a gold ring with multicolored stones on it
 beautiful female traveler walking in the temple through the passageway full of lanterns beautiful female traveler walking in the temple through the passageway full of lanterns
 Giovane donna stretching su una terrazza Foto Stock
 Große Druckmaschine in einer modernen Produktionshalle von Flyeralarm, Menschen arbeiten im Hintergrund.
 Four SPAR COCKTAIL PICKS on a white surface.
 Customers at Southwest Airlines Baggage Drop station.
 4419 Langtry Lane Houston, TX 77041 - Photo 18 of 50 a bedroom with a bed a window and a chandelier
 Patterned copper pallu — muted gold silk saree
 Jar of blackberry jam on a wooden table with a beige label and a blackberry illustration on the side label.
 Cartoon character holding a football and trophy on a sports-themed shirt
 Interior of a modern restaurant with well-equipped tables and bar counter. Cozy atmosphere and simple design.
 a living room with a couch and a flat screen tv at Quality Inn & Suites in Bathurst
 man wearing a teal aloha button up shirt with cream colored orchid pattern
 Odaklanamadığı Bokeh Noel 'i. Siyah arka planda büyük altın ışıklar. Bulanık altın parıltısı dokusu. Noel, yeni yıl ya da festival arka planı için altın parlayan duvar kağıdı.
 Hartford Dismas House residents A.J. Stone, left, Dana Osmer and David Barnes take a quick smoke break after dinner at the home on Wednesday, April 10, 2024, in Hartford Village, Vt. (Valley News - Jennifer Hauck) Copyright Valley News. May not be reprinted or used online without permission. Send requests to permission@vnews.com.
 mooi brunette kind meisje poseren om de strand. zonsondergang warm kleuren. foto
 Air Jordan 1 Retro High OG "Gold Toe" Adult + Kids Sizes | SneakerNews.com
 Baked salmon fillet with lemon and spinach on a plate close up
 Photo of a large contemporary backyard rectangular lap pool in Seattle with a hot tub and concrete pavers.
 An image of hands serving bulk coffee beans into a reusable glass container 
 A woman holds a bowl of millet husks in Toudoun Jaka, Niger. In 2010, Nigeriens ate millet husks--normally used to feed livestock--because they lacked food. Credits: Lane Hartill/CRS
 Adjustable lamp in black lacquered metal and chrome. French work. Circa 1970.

* Exercise description: Everything from the line with "An image of" through the final line of the entries above must be duplicated exactly; both ends belong, and no other line does.

* Reply to the task:
 An image of hands serving bulk coffee beans into a reusable glass container 
 A woman holds a bowl of millet husks in Toudoun Jaka, Niger. In 2010, Nigeriens ate millet husks--normally used to feed livestock--because they lacked food. Credits: Lane Hartill/CRS
 Adjustable lamp in black lacquered metal and chrome. French work. Circa 1970.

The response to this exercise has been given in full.